Catalan computer vision header

Through the Looking Glass: Computer Vision on Android

Ever wondered what your Android sees? Buckle up and join me on the journey to explore computer vision on mobile; explore different examples and walk through the basics of the available vision APIs.


My name is Adrian, and I would like to talk a little about machine learning and computer vision. What is machine learning?

Suppose you have to develop an app that takes a picture, and it has to check if the picture is of a bird. Machine learning is not a new problem, it’s a subset of artificial intelligence and AI has been around since maybe mid 50’s, only it’s been a struggle for a proper implementation.


The simplest problem that we can tackle using vision algorithms is classification, such as if someone is a dog or a cat. Other implementations of machine learning include gaming: Deep Blue playing chess; AlphaGo playing Go.

  • Google Play Music, an algorithm called wide and deep approach is used for artist recommendations.

  • Smart replies in the inbox - they are using a network with clustering in order to identify which is one of the most common ways that we used to reply an email.

  • Parsey McParseface, is Google’s natural language processing tool.
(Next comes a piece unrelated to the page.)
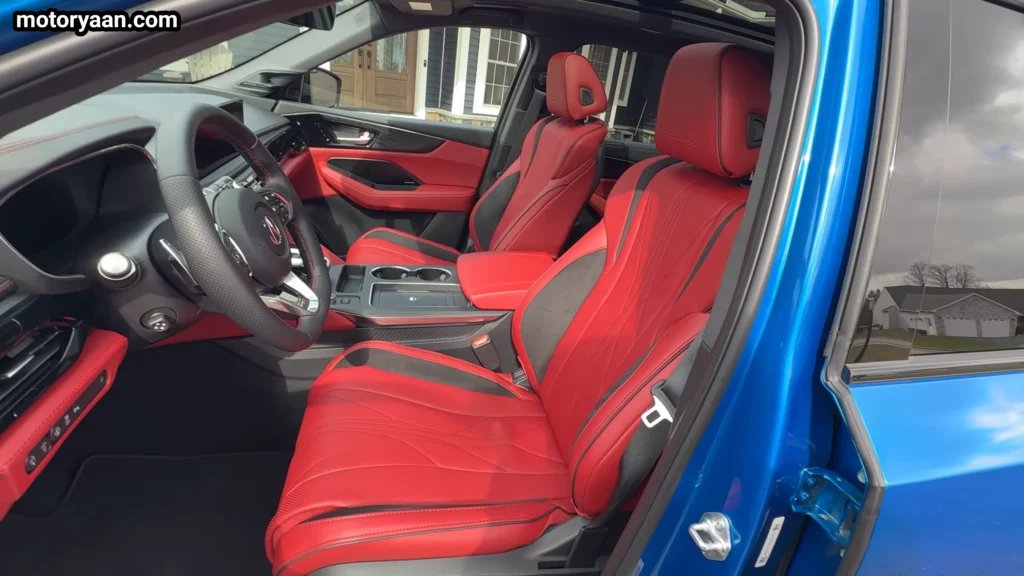2026 Acura MDX Type S front interior with leather seats and premium cabin design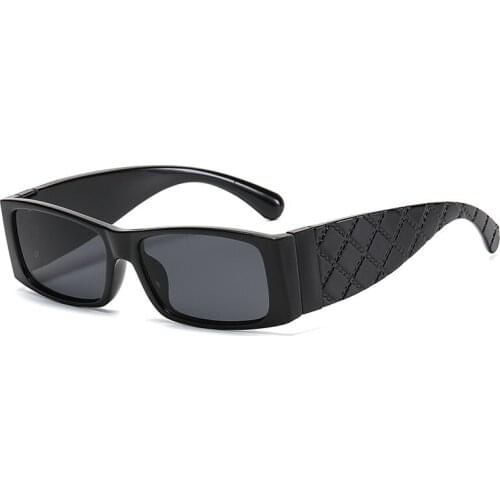 Small Rectangle Sunglasses Men Women Square Sun Glasses Luxury Brand Travel Shades Vintage Retro UV400 Lunette De Soleil Femme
It comes with a model, open source in TensorFlow.

  • Style transfer - we give an input and the artificial intelligence will generate an output.

  • Rainforest learning. This is similar to AlphaGo. In this case, the AI is not taught with labels, instead of being taught with rewards and punishments.

The Simple Explanation

“As soon as it works, no one calls it AI anymore”

This is a quote from John McCarthy and it makes a lot of sense - a lot of people are talking about AI and at some point in history, automatic garbage collection was considered AI. Now, it’s considered just another algorithm.

Get more development news like this

Many people say they are doing AI, but are merely implementing a lot of chained if statements. I would like to show the difference between doing if statements and using a neural network and machine learning algorithms.

Can machines actually learn?

The answer is yes, with lots of data.

At the moment, Machine learning is only solving specific problems and is not considered strong AI. Machine learning can’t solve new problems but can provide some insights to assist in solving them. Suppose we want to figure out how much property is worth around an area (Machine Learning is Fun).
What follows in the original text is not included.